Setiap orang tua menginginkan yang terbaik untuk anaknya, dan si anak selalu meniginkan yang terbaik untuk hidupnya. Nah! Sekarang, bagaimana yang terbaik ini menjadi mungkin untuk menjadi yang terbaik?
Alkisah tentang seorang professional dibidangnya katakanlah semisal; seorang kontraktor, pengusaha, guru, dosen, pengacara, tentara, polisi, dokter, presiden, dan lain sebagainya. Ketika professi itu dikaitkan dengan penghasilan yang didapatkan, maka lain sebutanya; yaitu pekerjaan.

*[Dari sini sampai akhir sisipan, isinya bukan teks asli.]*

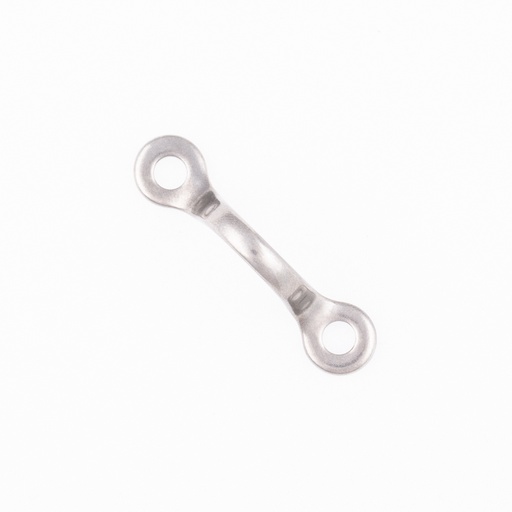 [R-RF134] Ronstan Pontet, étroit 14mm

Setiap yang terbaik yang diketahui orang tua adalah kebenaran untuknya, setiap kebenaran orang tua adalah kebenaran yang akan diajarkan kepada anaknya, setiap warisan yang berharga, adalah warisan yang berharga bagi orang tua.
Mungkin tidak semua, tapi usaha untuk mengembangkan pekerjaan agar tak habis dimakan anak-cucu, semangat semacam itulah yang mendasari ketakutan seorang orang tua pada masa depan bagi anak dan cucunya.

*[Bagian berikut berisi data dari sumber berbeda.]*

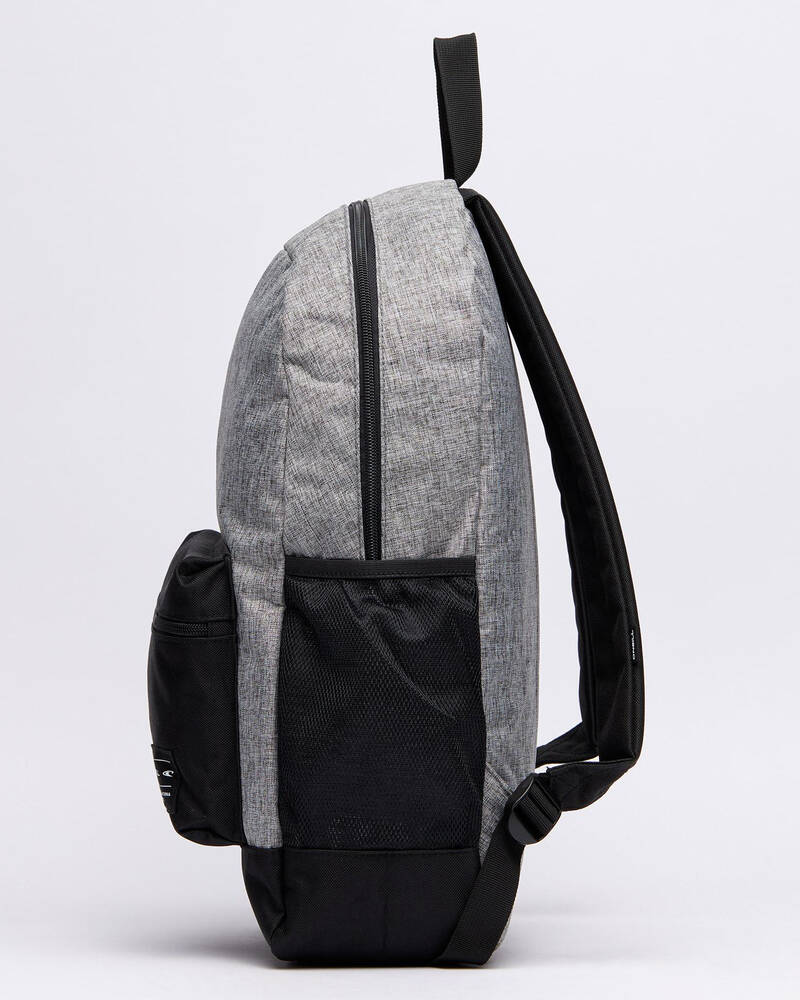 O'Neill Epic Backpack for Mens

Warisan demi warisan telah dikumpulkan, menjadi pembenaran dari penimbunan harta sekaligus juga penimbunan status dan prestasi, karena bagaimanapun, anak seorang yang bersatatus tertentu akan menaikkan kemungkinan keberhasilan seorang anak dikemudian hari.
Semangat penimbunan harta untuk menghidupi anak-cucu inilah yang melahirkan Mylin entah sebutan lain mungkin penguasaan atas bidang usaha yang beragam; dalam kata lain, ekspansi bukan hanya pada pasar atau wilayah jual, juga dalam variasi dagangan jualnya, disingkat monopoli atau Get Rich. Adam smith bapak dari ‘kekayaan negara’ yang diganyang oleh aktivis yang mengaku dan atau memang Marxis inipun pernah bersabda; dosa dari pengusaha adalah monopoli. Dengan melihat kreatifitasan beberapa orang pengusaha masa sekarang, kata monopoli yang kini berganti pada keluasan dan adaptasi dari suatu perusahaan beredar, menjadi tren cara usaha yang efektif dan membangun, entah membangun gudang harta karun, atau gudang timbunan cadangan makanan untuk anak-cucu, nah! Bukankah pengusaha (maksudnya ekonom) sudah murtad dari bapaknya?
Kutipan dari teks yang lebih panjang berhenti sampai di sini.